Pela primeira vez no Brasil, será discutida a responsabilidade das empresas que fabricam armas de fogo pelas mortes causadas com a utilização dessas armas.

A 41ª Vara Cível do Rio de Janeiro conheceu da ação em que o empresário carioca Rodolfo Acre pede indenização por danos morais e materiais à empresa de armas Forjas Taurus S/A.

O empresário quer responsabilizar a Taurus pela morte de seu filho Rodrigo, de 19 anos, ocorrida em 1999. O rapaz foi seqüestrado e morto com armas fabricadas pela empresa.

A juíza titular da vara mandou expedir carta precatória para que a Taurus seja intimada, já que a sede da empresa fica no Rio Grande do Sul. A reportagem da revista Consultor Jurídico entrou em contato com a empresa, mas foi informada de que o departamento jurídico da Forjas Taurus só volta a trabalhar depois do Carnaval, na Quarta-feira de Cinzas.

O autor da ação é representado pelas advogadas Maria Cristina dos Santos Leonardo e Regina Guedes Simões. As advogadas alegam que a Taurus – fabricante, importadora, exportadora e vendedora de armas e munições no Brasil – comercializa seus produtos “formando uma confraria de empresários, cujo alvo é contábil, visando o lucro, colocando de lado a vida humana”.
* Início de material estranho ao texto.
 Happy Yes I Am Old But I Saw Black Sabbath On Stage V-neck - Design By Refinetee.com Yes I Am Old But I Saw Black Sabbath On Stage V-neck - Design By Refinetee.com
Os empresários do setor de armas de fogo são considerados no processo como “Mercadores da Tragédia”. Para as advogadas, a empresa “não tem como se esquivar das responsabilidades que lhe são impostas” em razão das normas de fiscalização e controle do comércio de armas e munições.

Além da indenização, Acre pede o ressarcimento dos gastos que teve com a compra do jazigo e com o sepultamento de seu filho.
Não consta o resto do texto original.